▸ **DATA PROVIDED**:

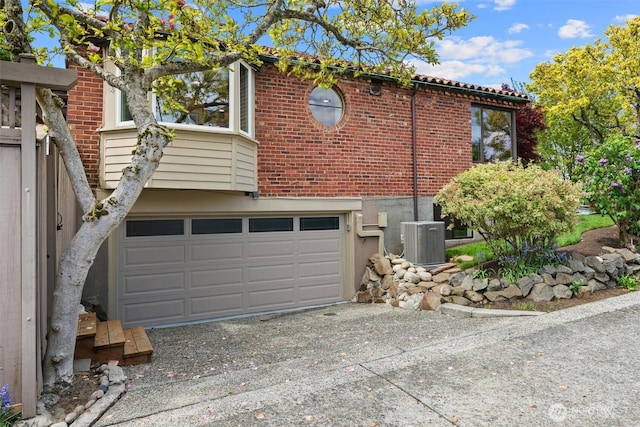 view of side of home with central air condition unit, driveway, brick siding, and an attached garage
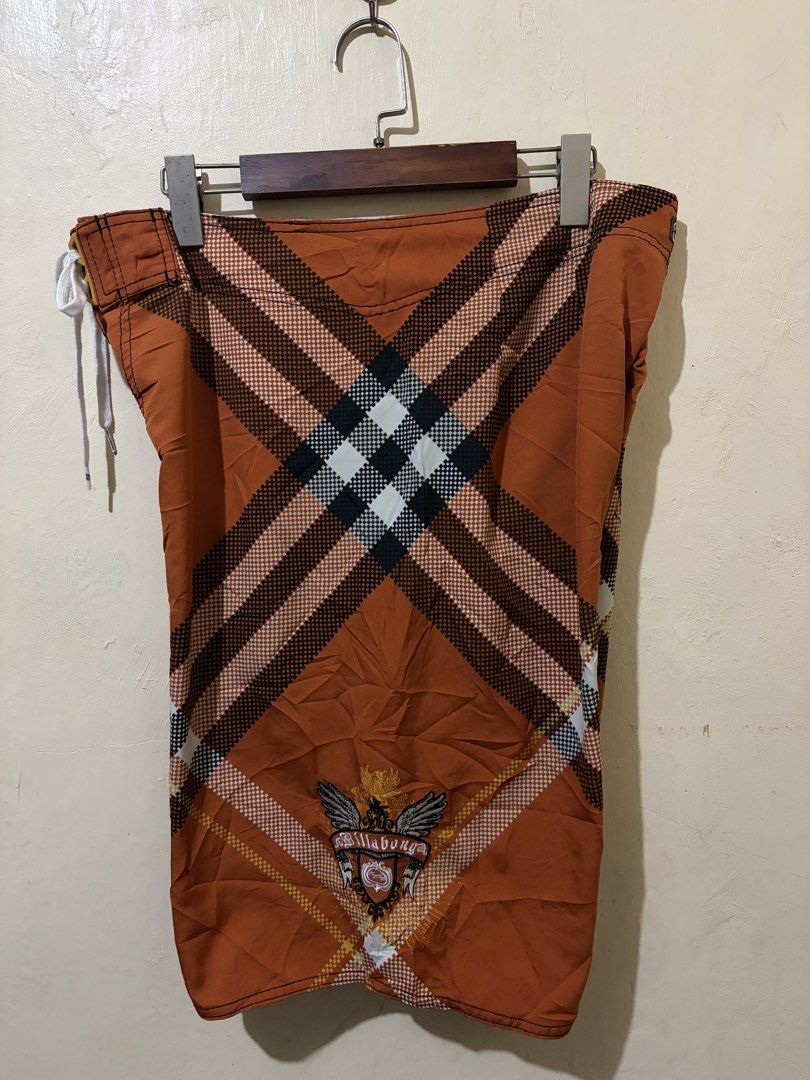 Billabong Board Shorts Orange Plaid Pattern (Category: Swim Trunks & Board Shorts) located in Bolinao. Submitted by ymondceleste (Listing ID 1460055555, Image 1). Description: - Orange board shorts with a classic plaid pattern. - Features the iconic Billabong logo embroidered on the pocket and back. - Comfortable drawstring waist for a secure fit. - Convenient back pocket with a button closure. - Ideal for swimming, surfing, or everyday casual we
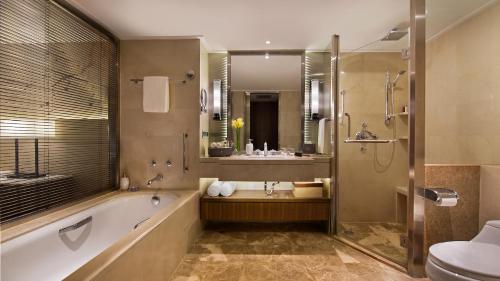 a bathroom with a tub and a sink and a toilet at Marriott Executive Apartments Tianjin TEDA in Binhai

▸ **BRIEF**:
Write the full listing out again with every line unchanged, but include no pictures.

▸ **SOLUTION BELOW**:
 view of side of home with central air condition unit, driveway, brick siding, and an attached garage
 Billabong Board Shorts Orange Plaid Pattern (Category: Swim Trunks & Board Shorts) located in Bolinao. Submitted by ymondceleste (Listing ID 1460055555, Image 1). Description: - Orange board shorts with a classic plaid pattern. - Features the iconic Billabong logo embroidered on the pocket and back. - Comfortable drawstring waist for a secure fit. - Convenient back pocket with a button closure. - Ideal for swimming, surfing, or everyday casual we
 a bathroom with a tub and a sink and a toilet at Marriott Executive Apartments Tianjin TEDA in Binhai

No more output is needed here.